Work to be completed: Every record below should be printed exactly as it appears.

Given entries:
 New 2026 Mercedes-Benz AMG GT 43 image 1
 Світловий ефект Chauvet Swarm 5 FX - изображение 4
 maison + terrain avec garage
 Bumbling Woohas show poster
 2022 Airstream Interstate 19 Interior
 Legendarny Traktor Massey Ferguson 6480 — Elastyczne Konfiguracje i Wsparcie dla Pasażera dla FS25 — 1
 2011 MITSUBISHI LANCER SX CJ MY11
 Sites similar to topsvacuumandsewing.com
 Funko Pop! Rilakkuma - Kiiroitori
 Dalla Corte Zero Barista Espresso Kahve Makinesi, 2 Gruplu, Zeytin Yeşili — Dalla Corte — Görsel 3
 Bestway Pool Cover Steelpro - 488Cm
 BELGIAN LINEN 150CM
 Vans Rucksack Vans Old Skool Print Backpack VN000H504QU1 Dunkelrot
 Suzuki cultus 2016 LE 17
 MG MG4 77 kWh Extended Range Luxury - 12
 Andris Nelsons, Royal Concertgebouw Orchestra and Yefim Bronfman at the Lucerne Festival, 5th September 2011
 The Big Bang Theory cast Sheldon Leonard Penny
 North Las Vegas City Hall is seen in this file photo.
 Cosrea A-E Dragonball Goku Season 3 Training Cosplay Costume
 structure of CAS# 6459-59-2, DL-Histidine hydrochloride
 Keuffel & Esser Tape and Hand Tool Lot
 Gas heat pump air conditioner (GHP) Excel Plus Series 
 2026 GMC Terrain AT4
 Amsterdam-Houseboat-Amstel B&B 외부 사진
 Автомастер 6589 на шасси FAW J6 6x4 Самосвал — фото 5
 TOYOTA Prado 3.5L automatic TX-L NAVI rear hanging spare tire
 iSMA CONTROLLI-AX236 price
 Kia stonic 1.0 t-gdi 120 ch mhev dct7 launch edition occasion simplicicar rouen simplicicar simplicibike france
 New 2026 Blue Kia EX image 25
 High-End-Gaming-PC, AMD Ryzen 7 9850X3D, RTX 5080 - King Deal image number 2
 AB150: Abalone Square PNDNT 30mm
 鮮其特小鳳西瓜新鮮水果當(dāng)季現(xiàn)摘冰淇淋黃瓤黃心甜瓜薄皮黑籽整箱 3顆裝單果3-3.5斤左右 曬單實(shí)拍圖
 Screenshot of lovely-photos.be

Response for this exercise:
 New 2026 Mercedes-Benz AMG GT 43 image 1
 Світловий ефект Chauvet Swarm 5 FX - изображение 4
 maison + terrain avec garage
 Bumbling Woohas show poster
 2022 Airstream Interstate 19 Interior
 Legendarny Traktor Massey Ferguson 6480 — Elastyczne Konfiguracje i Wsparcie dla Pasażera dla FS25 — 1
 2011 MITSUBISHI LANCER SX CJ MY11
 Sites similar to topsvacuumandsewing.com
 Funko Pop! Rilakkuma - Kiiroitori
 Dalla Corte Zero Barista Espresso Kahve Makinesi, 2 Gruplu, Zeytin Yeşili — Dalla Corte — Görsel 3
 Bestway Pool Cover Steelpro - 488Cm
 BELGIAN LINEN 150CM
 Vans Rucksack Vans Old Skool Print Backpack VN000H504QU1 Dunkelrot
 Suzuki cultus 2016 LE 17
 MG MG4 77 kWh Extended Range Luxury - 12
 Andris Nelsons, Royal Concertgebouw Orchestra and Yefim Bronfman at the Lucerne Festival, 5th September 2011
 The Big Bang Theory cast Sheldon Leonard Penny
 North Las Vegas City Hall is seen in this file photo.
 Cosrea A-E Dragonball Goku Season 3 Training Cosplay Costume
 structure of CAS# 6459-59-2, DL-Histidine hydrochloride
 Keuffel & Esser Tape and Hand Tool Lot
 Gas heat pump air conditioner (GHP) Excel Plus Series 
 2026 GMC Terrain AT4
 Amsterdam-Houseboat-Amstel B&B 외부 사진
 Автомастер 6589 на шасси FAW J6 6x4 Самосвал — фото 5
 TOYOTA Prado 3.5L automatic TX-L NAVI rear hanging spare tire
 iSMA CONTROLLI-AX236 price
 Kia stonic 1.0 t-gdi 120 ch mhev dct7 launch edition occasion simplicicar rouen simplicicar simplicibike france
 New 2026 Blue Kia EX image 25
 High-End-Gaming-PC, AMD Ryzen 7 9850X3D, RTX 5080 - King Deal image number 2
 AB150: Abalone Square PNDNT 30mm
 鮮其特小鳳西瓜新鮮水果當(dāng)季現(xiàn)摘冰淇淋黃瓤黃心甜瓜薄皮黑籽整箱 3顆裝單果3-3.5斤左右 曬單實(shí)拍圖
 Screenshot of lovely-photos.be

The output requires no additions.